Safety and immunogenicity of an HIV adenoviral vector boost after DNA plasmid vaccine prime by route of administration: a randomized clinical trial

Abstract

Background: In the development of HIV vaccines, improving immunogenicity while maintaining safety is critical. Route of administration can be an important factor.

Methodology/principal findings: This multicenter, open-label, randomized trial, HVTN 069, compared routes of administration on safety and immunogenicity of a DNA vaccine prime given intramuscularly at 0, 1 and 2 months and a recombinant replication-defective adenovirus type 5 (rAd5) vaccine boost given at 6 months by intramuscular (IM), intradermal (ID), or subcutaneous (SC) route. Randomization was computer-generated by a central data management center; participants and staff were not blinded to group assignment. The outcomes were vaccine reactogenicity and humoral and cellular immunogenicity. Ninety healthy, HIV-1 uninfected adults in the US and Peru, aged 18-50 were enrolled and randomized. Due to the results of the Step Study, injections with rAd5 vaccine were halted; thus 61 received the booster dose of rAd5 vaccine (IM: 20; ID:21; SC:20). After the rAd5 boost, significant differences by study arm were found in severity of headache, pain and erythema/induration. Immune responses (binding and neutralizing antibodies, IFN-γ ELISpot HIV-specific responses and CD4+ and CD8+ T-cell responses by ICS) at four weeks after the rAd5 booster were not significantly different by administration route of the rAd5 vaccine boost (Binding antibody responses: IM: 66.7%; ID: 70.0%; SC: 77.8%; neutralizing antibody responses: IM: 11.1%; ID: 0.0%; SC 16.7%; ELISpot responses: IM: 46.7%; ID: 35.3%; SC: 44.4%; CD4+ T-cell responses: IM: 29.4%; ID: 20.0%; SC: 35.3%; CD8+ T-cell responses: IM: 29.4%; ID: 16.7%; SC: 50.0%.)

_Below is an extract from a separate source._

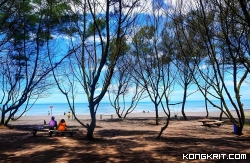 7 Surga Tersembunyi di Jogja yang Bikin Kamu Pengen Liburan Terus! (Foto : Dok. Istimewa)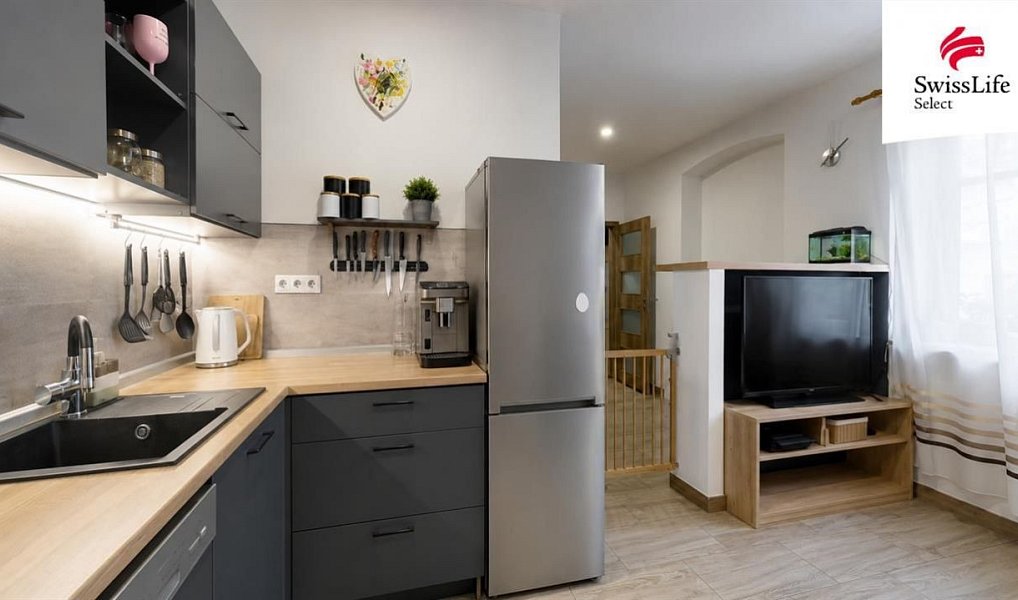 Prodej domu 83 m² s pozemkem 266 m², Krhanice – náhled fotky 5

Conclusions/significance: This study was limited by the reduced sample size. The higher frequency of local reactions after ID and SC administration and the lack of sufficient evidence to show that there were any differences in immunogenicity by route of administration do not support changing route of administration for the rAd5 boost.

Trial registration: ClinicalTrials.gov NCT00384787.

Figure 1. Study flow diagram.

Figure 2. Anti-Env Binding antibody response by administration route at 4 weeks post Ad5 boost.

Anti-Env binding antibody levels and % response are shown per route of administration. Positive responses are in red and non-responders in blue.

Figure 3. Interferon-γ ELISpot response to Env, Gag, Nef, Pol global PTE peptide stimulation by administration route.

(A) At 2 weeks post last DNA prime and (B) 4 weeks post Ad5 boost. The scale indicates spot-forming cells per million peripheral blood mononuclear cells.

Figure 4. Percentage of CD4+ T cells producing interferon γ and/or Interleukine 2 by administration route.

(A) in response to any Env peptides (B) in response to any Gag peptides before (2 weeks post last DNA prime) and after the Ad5 boost (4 weeks post Ad5 boost).

Figure 5. Percentage of CD8+ T cells producing interferon γ and/or Interleukine 2 by administration route.

(A) in response to any Env peptides (B) in response to any Pol peptides before (2 weeks post last DNA prime) and after the Ad5 boost (4 weeks post Ad5 boost).